The following SECTIONS of the ARTICLE describe clauses that are by the suri juris nature of the act of incorporation that created the Corporation, designated as “protected clauses” that cannot be modified unless by a unanimous vote at an extraordinary general assembly convened for the specific purpose of discussing and voting on such amendments. Changes incompatible with the Laws and Regulations of New Jersey, the United States and the relevant umbrella legal frameworks within the United Sates within which the Corporation is incorporated, shall not be open to amendment in this matter.
The Patronage Clause
The Corporation’s “spirit of intent” as originally set forward by the organization’s incorporators, has been to bring together a diverse group of non-custodial parents, and to build support systems to aid their ability to be effective parents to their children and to work with the Government in the State of New Jersey and other public and private organizations to aid the non-custodial parent community to be effective parents in their children’s lives. Jew Jersey Against Parental Alienation has strived to do new things – be that to put forth challenges that provide learning experiences, to publish articles that shed light on emerging threats, to foster development of news, public knowledge and programs, and to give talks that bring information to the public, just to name a few – while ate the same time, to maintain integrity by avoiding bias of favoritism, acting in a reasonably transparent manner, providing equal access to our information and support systems, and striving whenever possible to do this at no or below cost to the general public aside from donations that voluntary by the community as a whole. Specifically under no circumstances with the Corporation or any of its Directors, Officers, programs, Corporations or activities conducted under the umbrella:
Undermine, of grant occasion or opportunity to anybody else to undermine, these inspiring values; no, seek in any way to abuse the good will of our Members or donors for personal gratification, or private purposes or gain any kind whatsoever;
Violate any legal agreements with other organizations, including their employers.
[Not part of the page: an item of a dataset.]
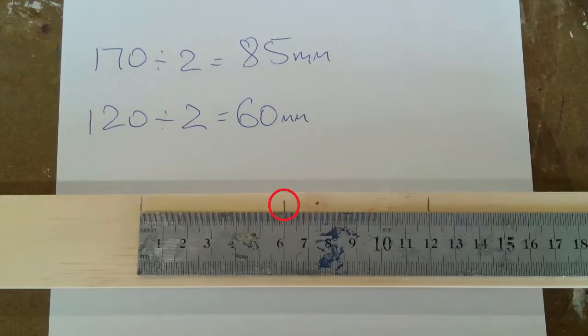For the short side, place the ruler so 60mm lines up with the center mark and mark off at 0 and 120mm.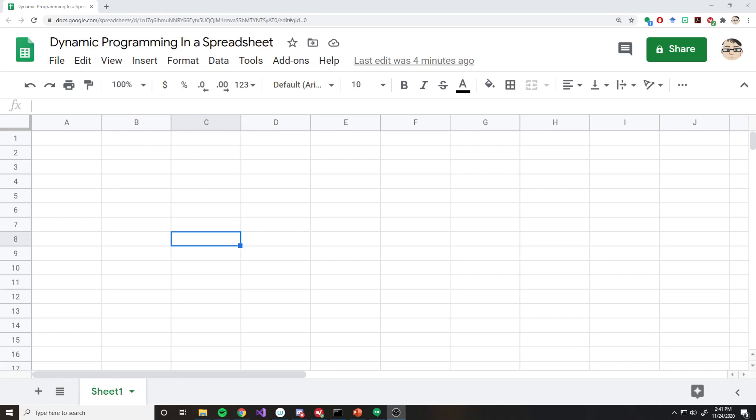All right, welcome to this video. This is just a supplementary video to some of my other videos where I want to show how we can actually carry out dynamic programming quite easily and simply in a spreadsheet. The reason I wanted to tackle this is partly because of an instinct that a lot of my students sometimes jump into.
The Corporation will, in perpetuity, remain a membership base corporation and shall not revert or convert to a form of ownership wherein specified voting member groups do not have voting empowered to manage the Corporation to nurture and sustain the cause of the organization as a public good to citizens of the stat of New Jersey.
Discretion (“Avoidance of Harm”)
In order to protect the privacy of innocent parties involved in ongoing litigation and litigation and victims of disclosure, and to attempt to balance responsible disclosure of information in a manner that maximizes the benefit to defenders and minimizes the damage to victims, while at the same time minimizes the benefits to aggressive litigants, attackers, criminals, and other miscreants, the Corporation may not publish all information for a period of time, or to disseminate such sensitive information only to appropriate entities on a “need to know” basis. (This includes such information as evidence related to criminal acts, which the Corporation may be obligated to report to the appropriate authorities.) The intent acknowledges that decisions must be made as to who (those with good intent or bad intent) will gain the most from disclosure of information, and what information should or should not be made openly public.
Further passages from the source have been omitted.